I should have put over 97%. But yeah for a generalized tonic-clonic seizure lasting longer than 5 minutes is called "status epilepticus" and that is a risk of lasting injury and thus warrant intervention. Just not the kind that bystanders are able to provide.
I would imagine the probabilities aren’t independent, but if they were, the probability of someone staying in the 97% for 10 seizures in a row is 73.7%. 20 seizures in a row drops the probability to 54%.
Yup, probabilities are not independent and if those clusters of seizures happen minutes to hours from each other, the risk of injury increases further. Also, with more and longer seizures the epilepsy tends to become increasingly harder to manage. But epilepsy comes in many shapes and forms so it depends on the specific kind.
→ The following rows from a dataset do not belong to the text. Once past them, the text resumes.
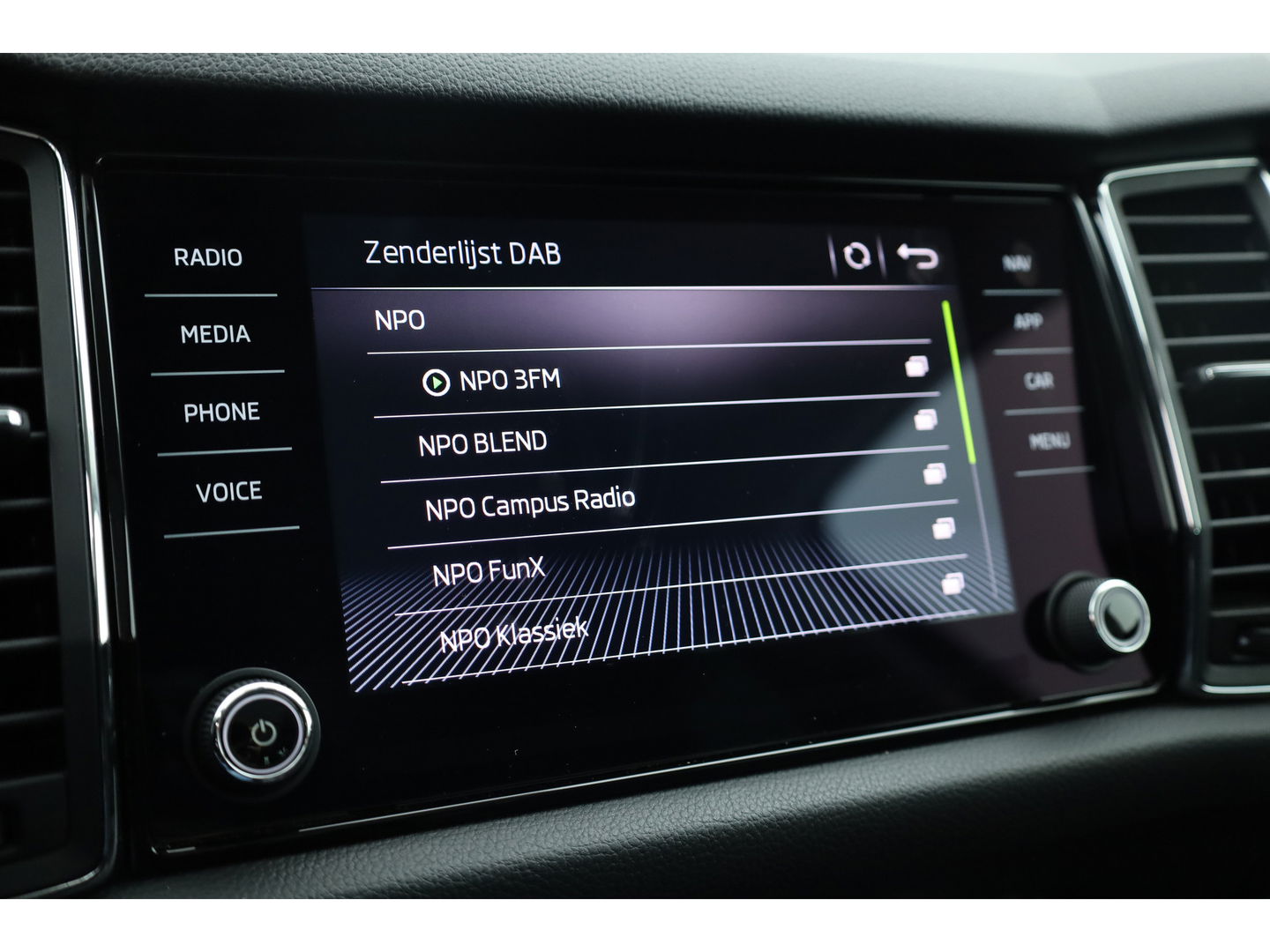 Škoda Kodiaq 1.5 TSI Style Business 7p. DSG | Pano | Camera | Trekhaak | Apple CarPlay | Dodehoekdet. | Stoelverw. | Keyless | Navi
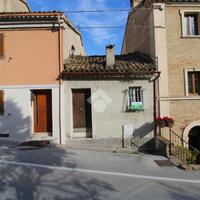 CASA SEMINDIPENDENTE A RECANATI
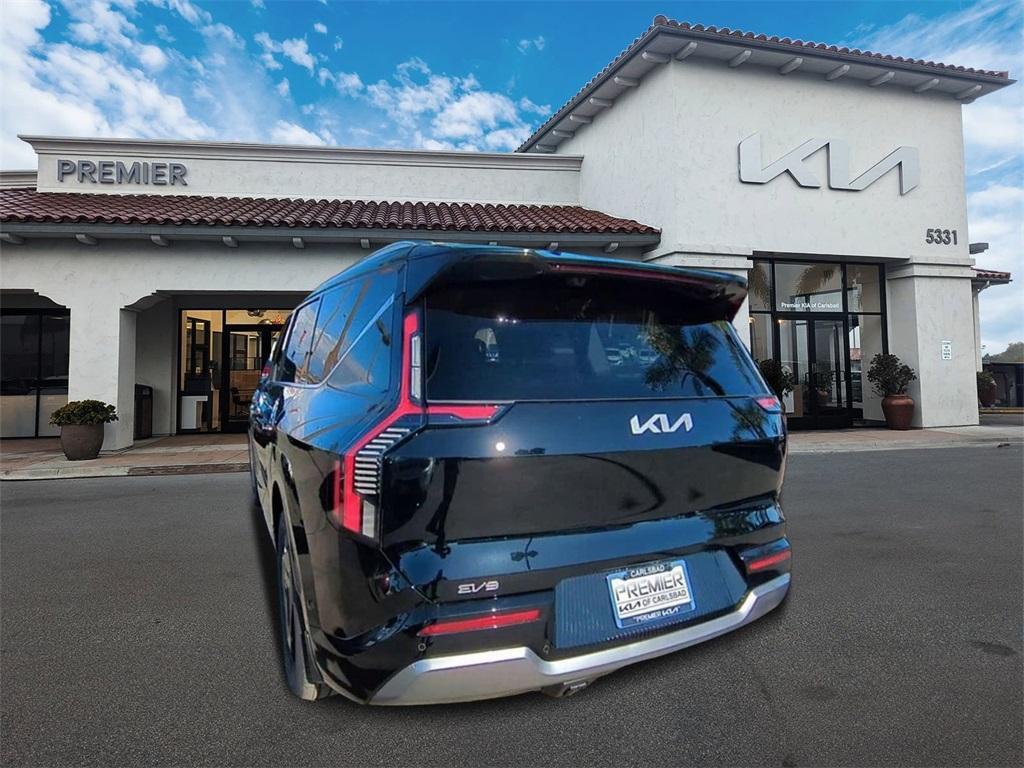 new 2025 Kia EV9 car, priced at $65,800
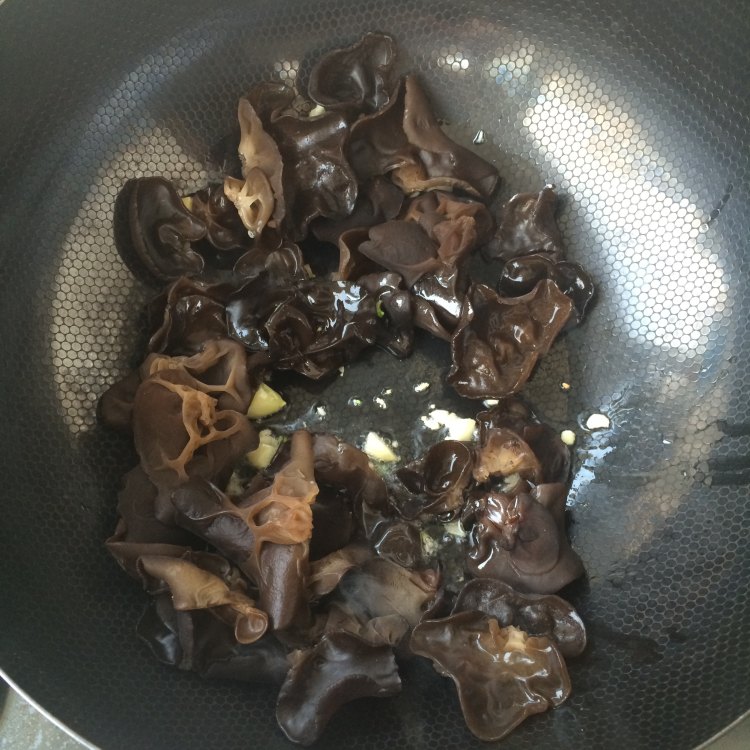 木耳炒西兰花步骤10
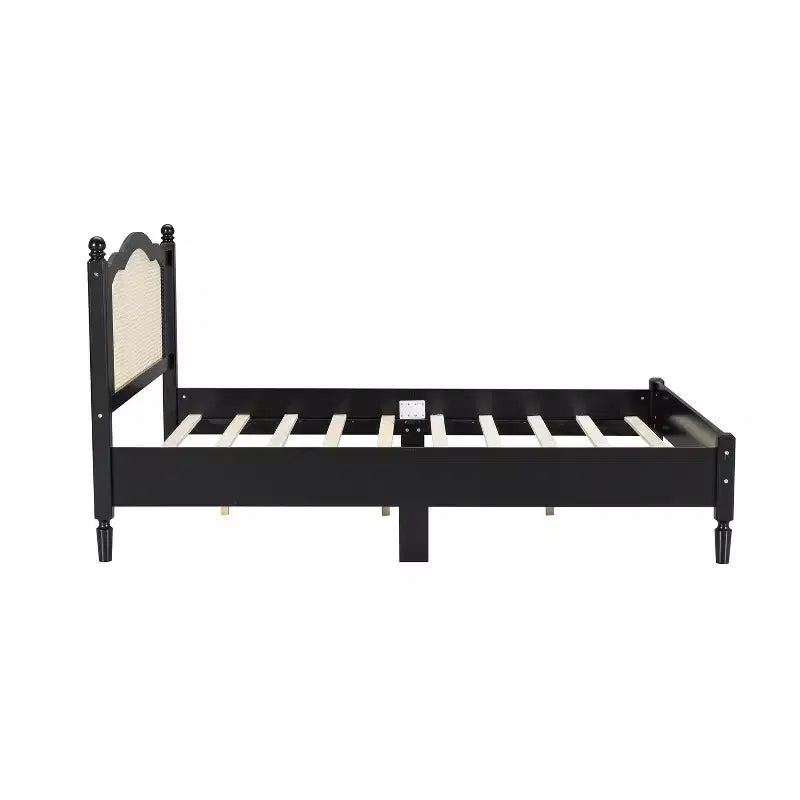 Queensize-Plattformbett aus Holz mit natürlichem Rattan-Kopfteil, Vintage-Bettgestell mit Lattenrost, Schwarz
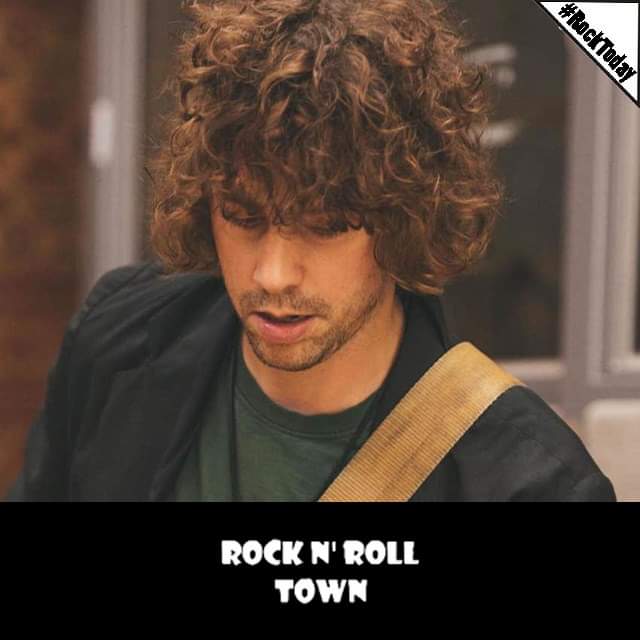 RockNRollTown's tweet photo. #RockToday 
📅 04/04/1980 📅
Γεννιέται ο Johnny Borrell, τραγουδιστής των @Razorlight.      
#RnRT #Towners #JohnnyBorrell #Razorlight #Birthday #Music https://t.co/x1my527OBQ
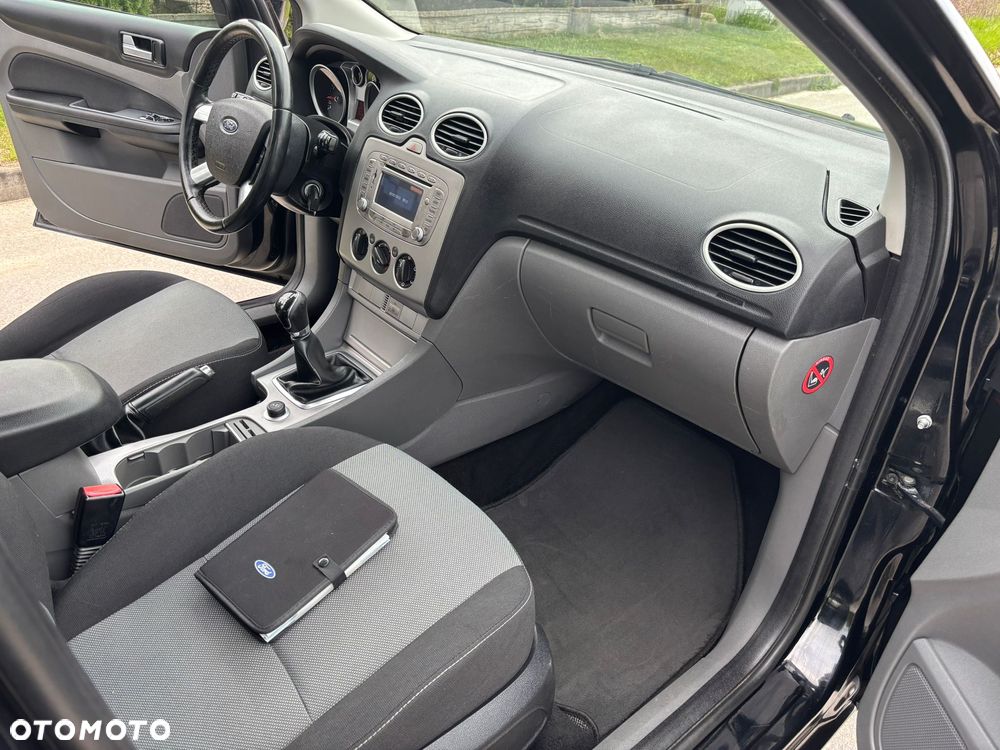 Ford Focus 1.6 Ti-VCT Black Magic - 11
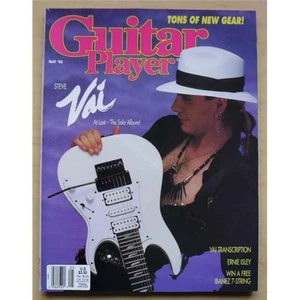 STEVE VAI GUITAR PLAYER MAGAZINE MAY 1990 - STEVE VAI COVER WITH MORE INSIDE USA - Picture 1 of 2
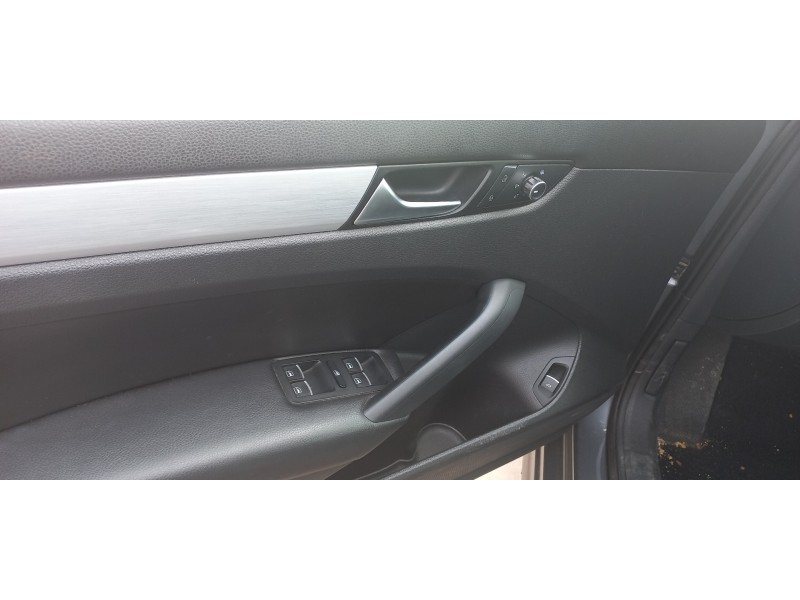 volkswagen passat lim. (362) del año 2012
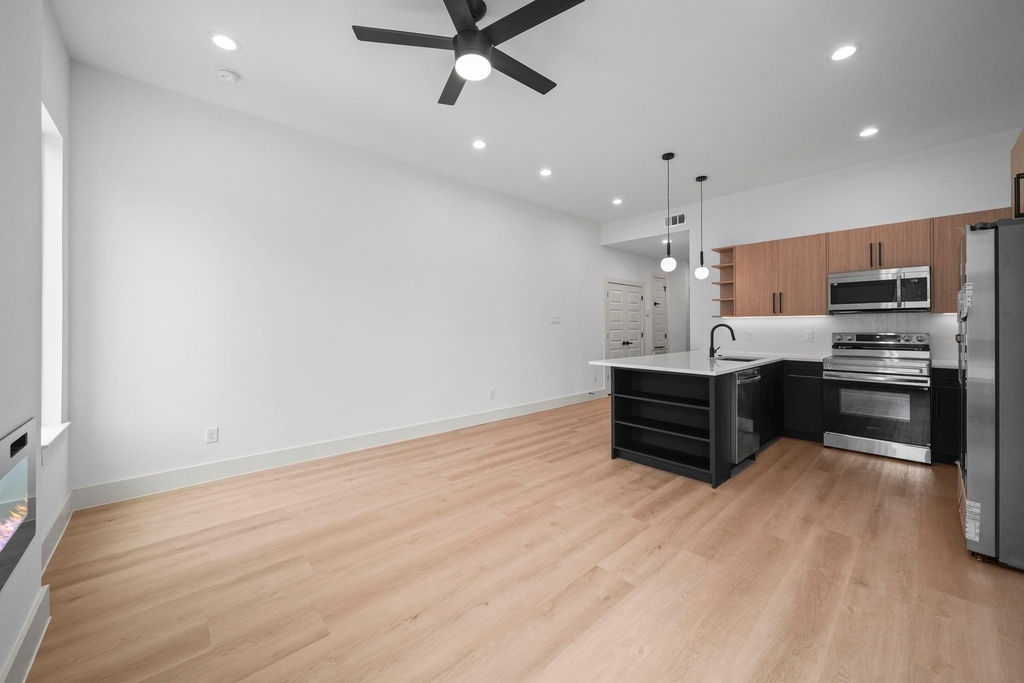 426 Calloway Street - Photo 4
The adults who die of epilepsy usually don't die "unexpectedly" meaning they have certain comorbidities that increase the risk of dying (e.g. heart disease), etc.
What are you basing this statement on? (the causality part)
Of course. Occam's razor still applies here. But knowing how resistant ME/MDs (depending on state) to put "epilepsy" as the cause of death, the "it was seizures" explanation remains unusual. BTW, I ended up looking into it, so the chief ME's report is still pending. So it's not like anybody has final conclusions and everybody's speculating here.